All'inizio del 30 a.C. si diresse in Egitto, deciso a porre fine alla guerra. Qui assediò Alessandria, dove Antonio si era rifugiato con Cleopatra, e in breve se ne impossessò.[17] Antonio fece un ultimo tentativo di pace, ma Ottaviano lo costrinse a uccidersi, vedendone infine il suo cadavere. Desiderava, invece, che Cleopatra rimanesse in vita poiché aveva intenzione di riservarla per il suo trionfo, tanto che utilizzò la pianta dello psillio per fare in modo di succhiare il veleno dalle sue vene, in quanto si pensava fosse morta a causa del morso di un aspide. Concesse ai due amanti l'onore di una sepoltura comune, portando a termine il sepolcro che essi stessi avevano iniziato a costruire.[17]

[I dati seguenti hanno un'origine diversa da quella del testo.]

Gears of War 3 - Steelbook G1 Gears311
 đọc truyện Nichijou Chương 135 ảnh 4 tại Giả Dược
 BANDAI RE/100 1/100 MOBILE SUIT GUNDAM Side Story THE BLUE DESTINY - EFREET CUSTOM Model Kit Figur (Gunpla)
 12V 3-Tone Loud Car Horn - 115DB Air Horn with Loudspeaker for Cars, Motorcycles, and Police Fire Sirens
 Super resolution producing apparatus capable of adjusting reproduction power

Il figlio maggiore dei due figli avuti con Fulvia, Marco Antonio Antillo, che si era rifugiato presso la statua del divino Giulio, supplicando la sua grazia, venne messo a morte. Poi fu la volta di Cesarione, figlio di Cleopatra, che la regina diceva di avere avuto da Cesare, dopo averlo arrestato mentre fuggiva. Riguardo invece ai figli che Antonio aveva avuto dalla regina, li trattò come se fossero suoi parenti, risparmiando loro la vita e, più tardi, li aiutò.[17] Svetonio aggiunge che Ottaviano:
«Perché il ricordo della sua vittoria ad Azio fosse più glorioso anche per l'avvenire, fondò presso Azio la città di Nicòpoli, e in essa istituì giochi quinquennali; inoltre ingrandì l'antico tempio di Apollo e consacrò a Nettuno e a Marte il luogo dell'accampamento da lui usato, adorno di trofeo navale.»
Decise di annettere il Regno tolemaico d'Egitto (30 a.C.), compiendo l'unificazione dell'intero bacino del Mediterraneo sotto Roma, e facendo di questa nuova acquisizione la prima provincia imperiale, governata da un proprio rappresentante, il prefetto d'Egitto.[18] L'imperium di Ottaviano su questa provincia venne probabilmente sancito da una legge comiziale già nel 29 a.C., due anni prima della messa in opera del nuovo assetto provinciale.
Ottaviano era ormai il signore indiscusso di Roma. Tre anni dopo, con l'assunzione del titolo di princeps, Ottaviano avrebbe posto definitivamente fine al regime repubblicano, dando così inizio all'età imperiale, che in questa prima fase è conosciuta con il nome di Principato.